Search code examples
scalaapache-sparkparquet

In Spark, how do you read parquet files that were written with bucketBy, and preserve the bucketing data?


In Apache Spark 2.4.5, how do you open up a set of parquet files that were written with bucketBy and saveAsTable?

For example:

case class VeryVeryDeeplyNestedThing(
  s: String,
  nested1: OtherVeryDeeplyNestedThing
)
case class OtherVeryDeeplyNestedThing (
  youGetTheIdeaNoOneWantsToHandWriteASqlStatementForThese: NestedMcNesty
)
List(VeryVeryDeeplyNestedThing(...)).toDS()
  .write
  .bucketBy(512, "s")
  .option("path", "/tmp/output")
  .format("parquet")
  .saveAsTable("mytable")

Now there's a set of parquet files in /tmp/output. Move the files in /tmp/output to /tmp/newPlace, and start a completely new spark session.

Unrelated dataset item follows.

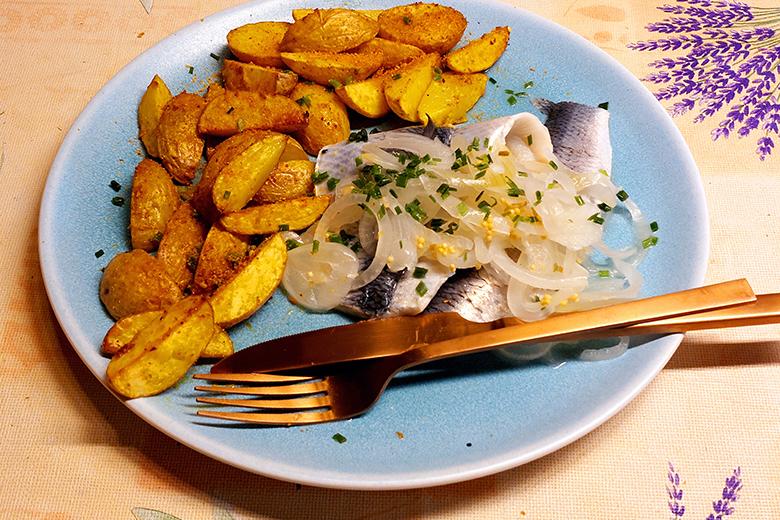 Bismarckhering mit Country Potatoes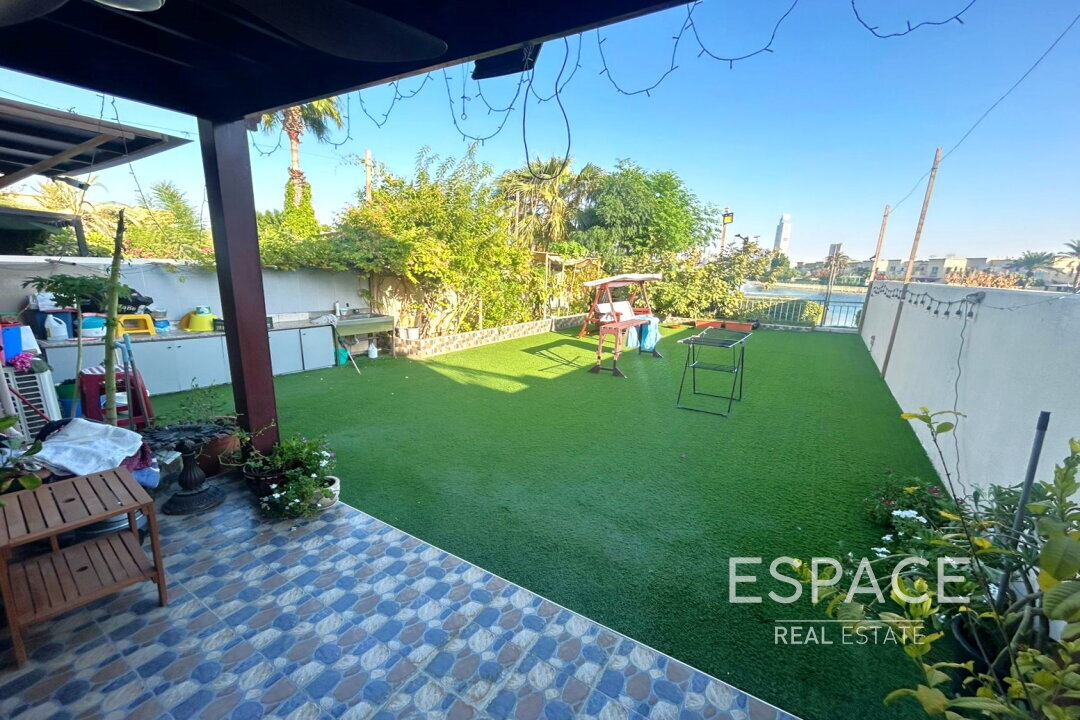 single static gallery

spark.read.parquet("/tmp/newPlace")
  .whatGoesHere?

What do you need to do to read them back in with the same bucketing information that they were written with? It doesn't seem like that information is baked into the parquet files themselves, or is that what happens?

[Edit: added worked example partially from https://kb.databricks.com/_static/notebooks/data/bucketing-example.html per @thebluephantom I think showing that reading does in fact require something special]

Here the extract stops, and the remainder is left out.